SW Ridge on Mount Cline – July 5th 2018

The trick of making it to arrangements is too much for most, in a sense that most do not comprehend the truth of time. Scheduling and routine are the daily, and they allow the future to be predicted well. The issue with observations of NAM is that cycles give hints to what must occur in the future, there are just never enough pieces to make much sense of the whole picture. Knowing what must come is a stress when you can only see through a tiny portion of your window to reality. You are the one controlling the cleaning, and thus the reality you view. Making plans for a summit bid and doing beta is essential in the simple fact that as many pieces that can be found, must be placed on the board.

I had a plan to get back to Alberta for climbing. I did not know that it would be my grandmother’s funeral that called me back. My partner, a silly notion to even call him that, had completely fucked his season and told me to go for anything I could get my hands on. When you think you have plans to go after so much, and you are willing to sit in your car week after week in the Rockies to get summits, but your partner is all talk… I feel like I lost myself. I am a solo dude, and now I am realizing just how much climbing solo in the alpine is my thing.

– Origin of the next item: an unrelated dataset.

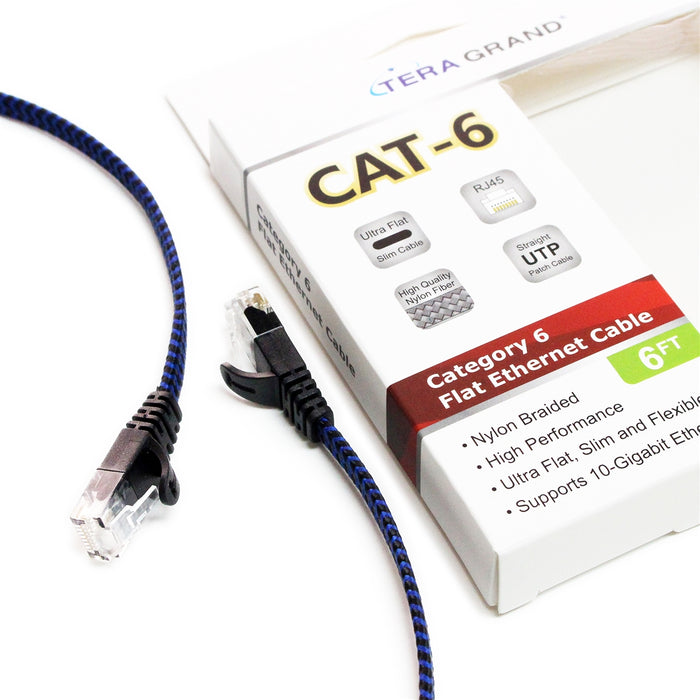 CAT6 10 Gigabit Ethernet Ultra Flat Braided Cable, 6 Feet, Black-Blue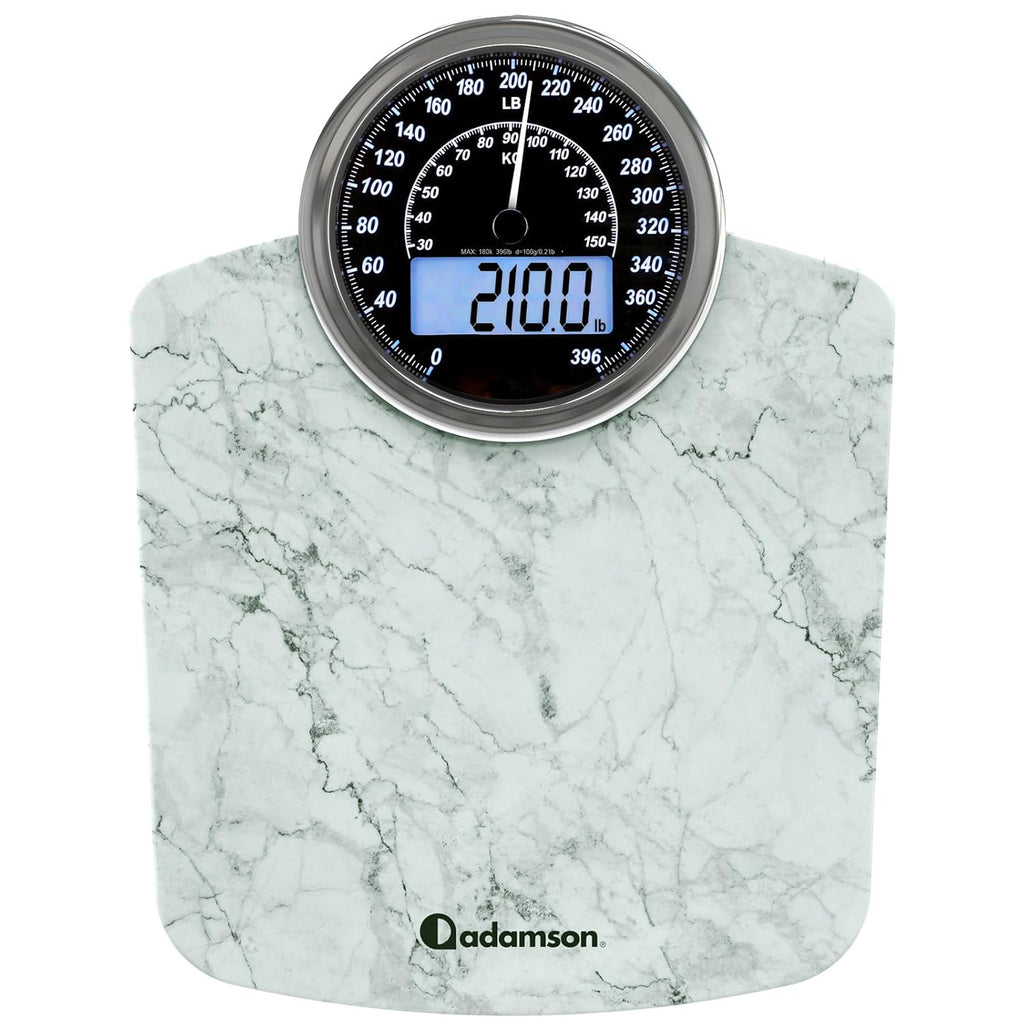 Adamson Hybrid 2-in-1 Digital Analog Bathroom Scale, Tempered Glass, Large Display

Catlin was going after Cline. He wanted it and talked about it constantly. His plans involved an individual that he called a flake without skill. I am the type of idiot who will drop all my own shit to help someone if they ask, so I met up with Cat to lead his team through the notches on the SW ridge of Cline. Don’t get me wrong, I was fucking stoked to get out on an 11, but I had plans to do the North Ridge, and those plans were with an individual that I was banking on to actually climb to the summits he constantly talked about. I really dislike climbing with randoms.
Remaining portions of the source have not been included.